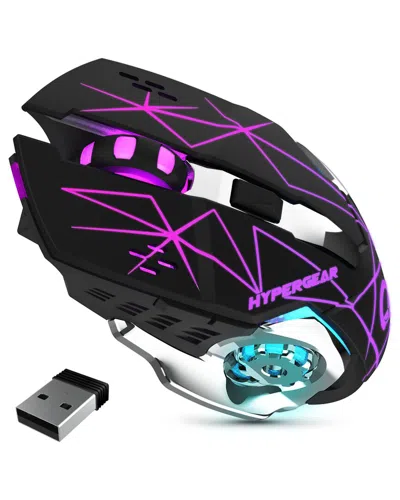 Hypergear Chromium Wireless Gaming Mouse In Black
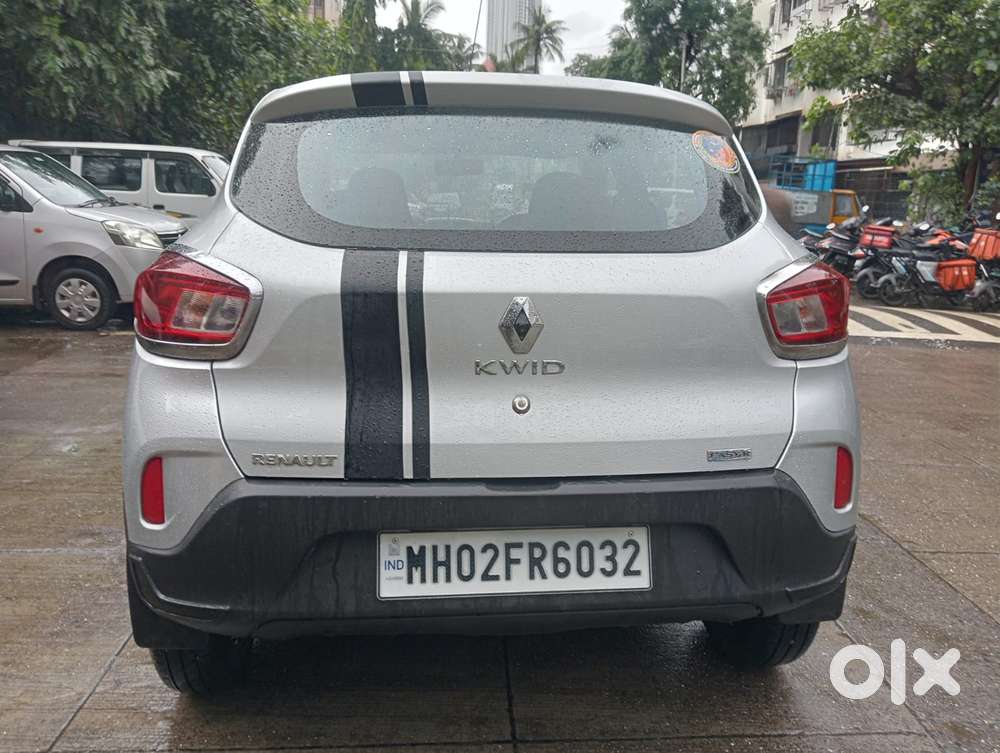 Renault Kwid 1.0 Rxt (o) Easy-r, 2022, Petrol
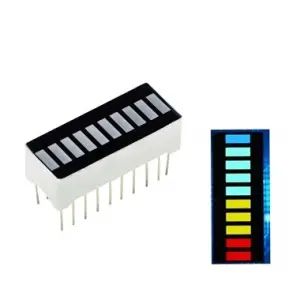 Bar Led Çubuk - Bar Graph Arduino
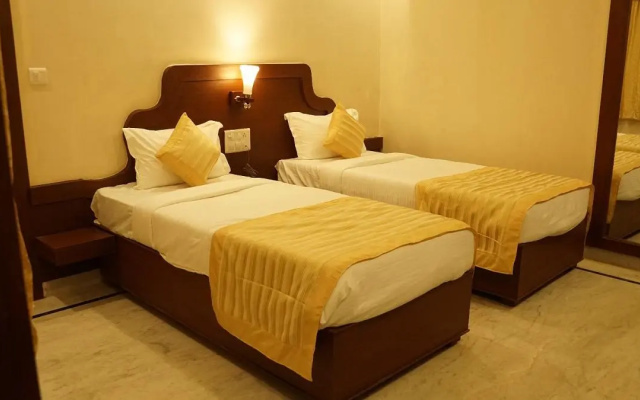 Hotel Khajuraho Temple View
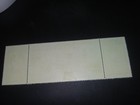 1966 SHARJAH JOHN F KENNEDY 3 STAMP STRIP-POSTMARKED — photo 2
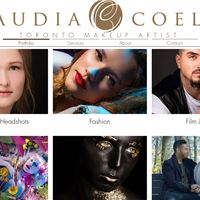 Film & Fashion Professional Toronto Makeup Artist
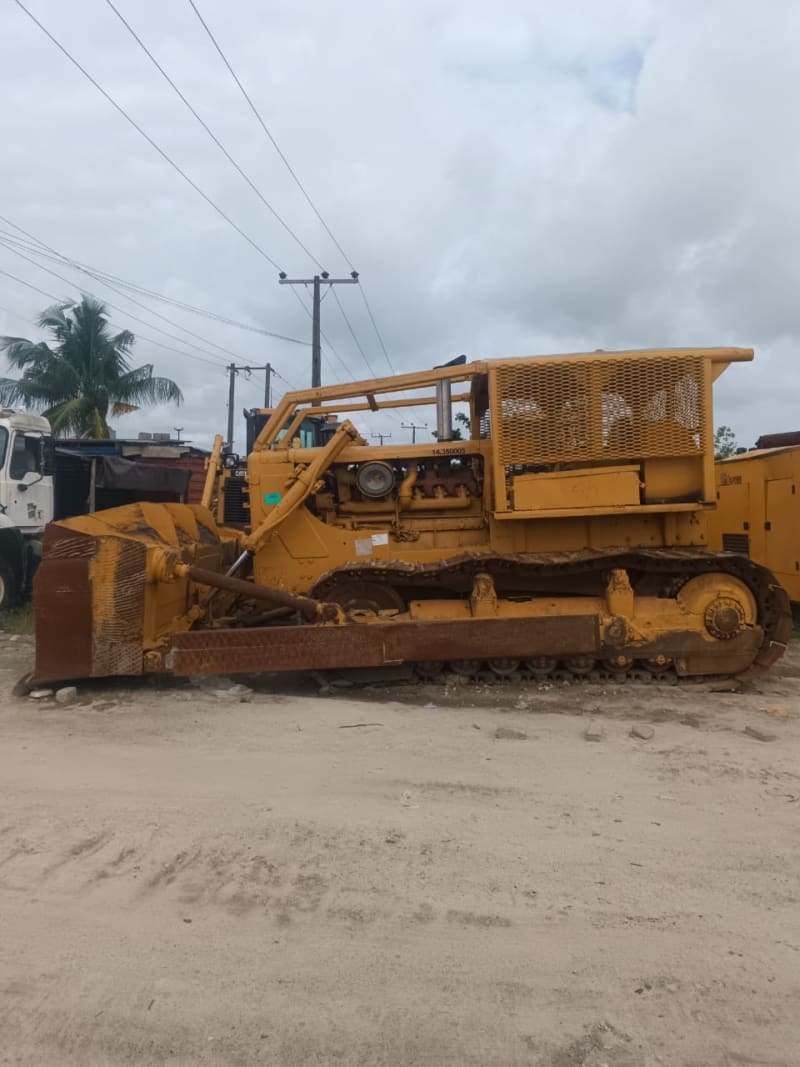 CATERPILLAR CATERPILLAR bulldozer D8T Ibeju-Lekki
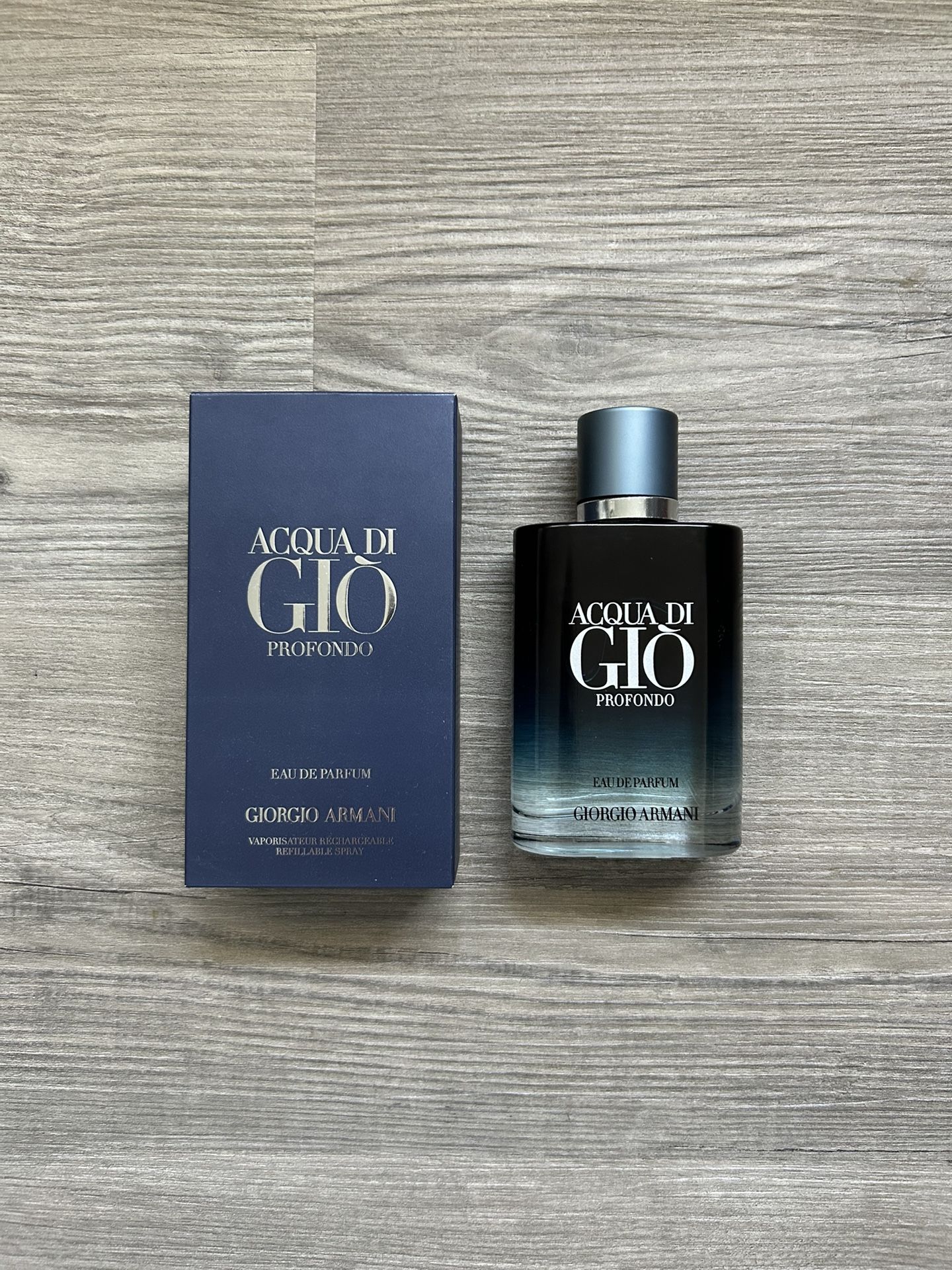 Giorgio Armani Acqua Di Gio men’s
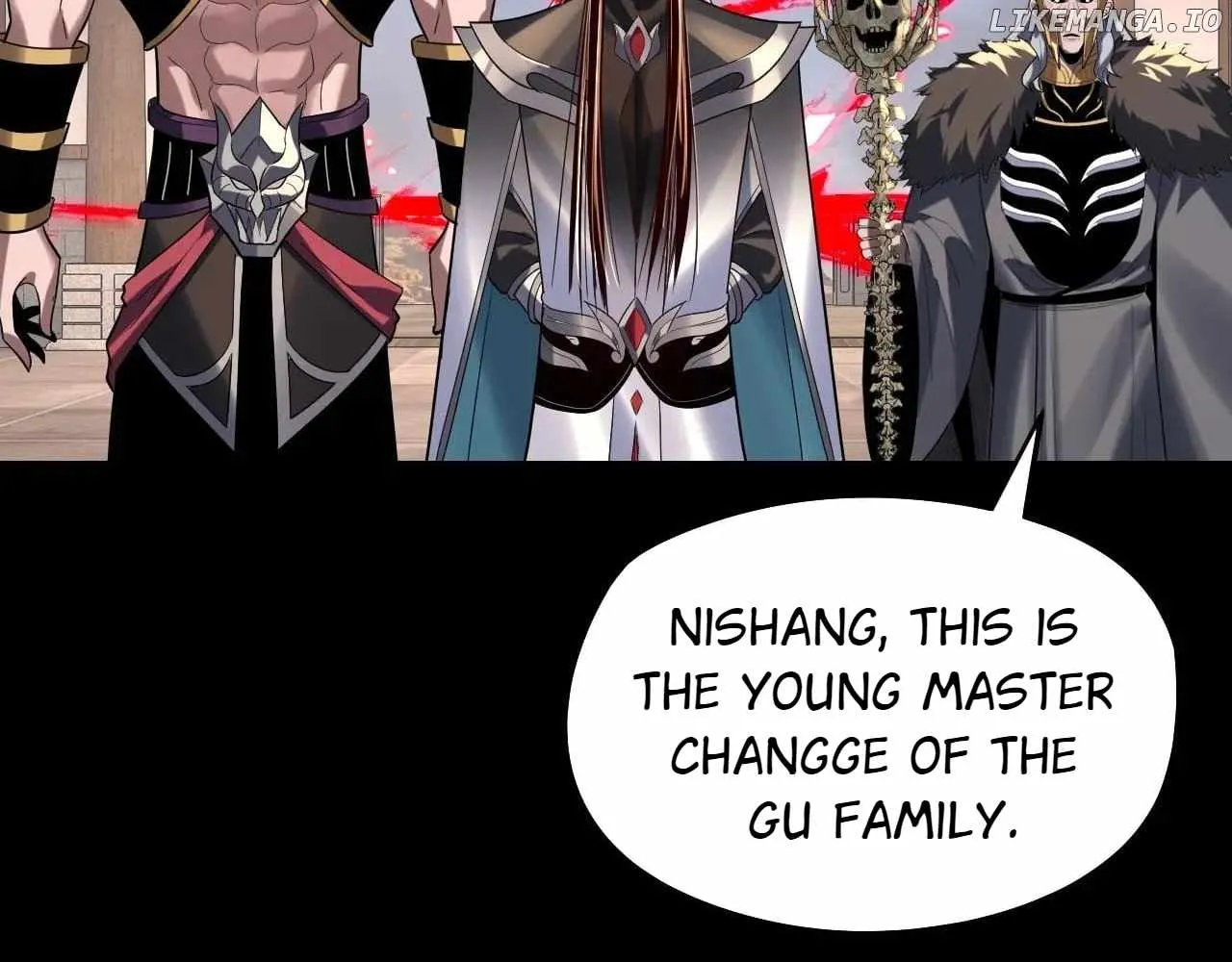 I Am the Fated Villain Chapter 247 page 11 - 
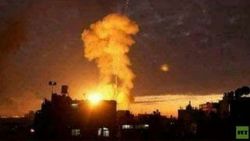 حمله موشکی مقاومت فلسطین به شهرک‌های اسرائیلی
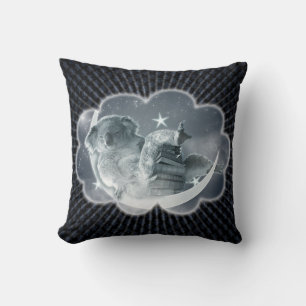 Kosmisches Lullaby - Kissen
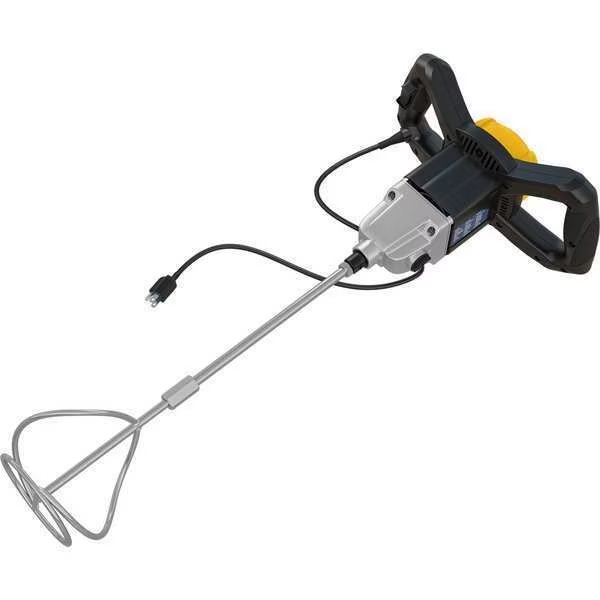 Drum Mixer, 120V, 2 Speed, Qep, Mfr#: 21700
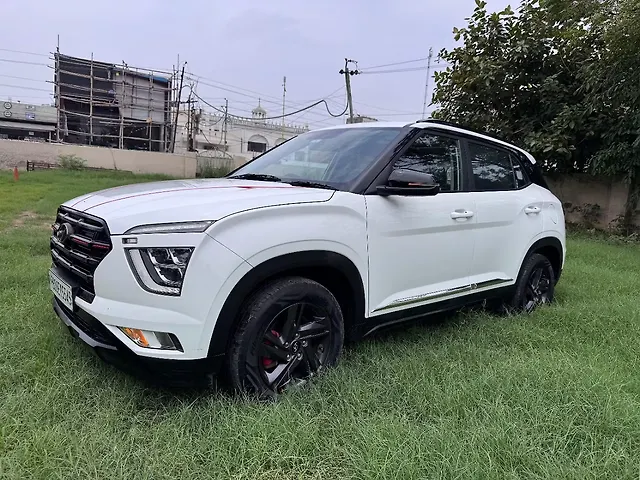 Used Hyundai Creta [2020-2023] S Plus 1.5 Diesel Knight in Jalandhar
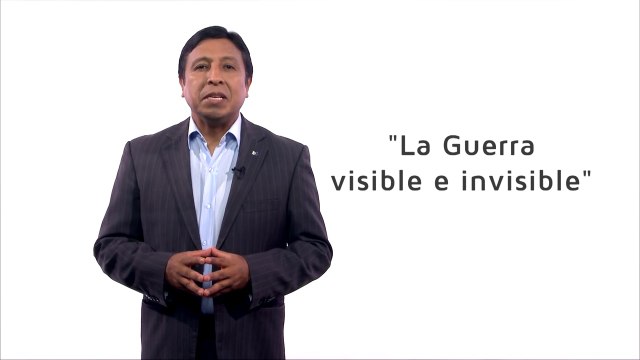 Bosquejo | Lección 5 | La guerra visible e invisible | Escuela Sabática | Pr. Edison Choque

################

What you are asked to do:
All of the data is to be reproduced exactly, with the pictures left out.

Task output:
 Hypergear Chromium Wireless Gaming Mouse In Black
 Renault Kwid 1.0 Rxt (o) Easy-r, 2022, Petrol
 Bar Led Çubuk - Bar Graph Arduino
 Hotel Khajuraho Temple View
 1966 SHARJAH JOHN F KENNEDY 3 STAMP STRIP-POSTMARKED — photo 2
 Film & Fashion Professional Toronto Makeup Artist
 CATERPILLAR CATERPILLAR bulldozer D8T Ibeju-Lekki
 Giorgio Armani Acqua Di Gio men’s
 I Am the Fated Villain Chapter 247 page 11 - 
 حمله موشکی مقاومت فلسطین به شهرک‌های اسرائیلی
 Kosmisches Lullaby - Kissen
 Drum Mixer, 120V, 2 Speed, Qep, Mfr#: 21700
 Used Hyundai Creta [2020-2023] S Plus 1.5 Diesel Knight in Jalandhar
 Bosquejo | Lección 5 | La guerra visible e invisible | Escuela Sabática | Pr. Edison Choque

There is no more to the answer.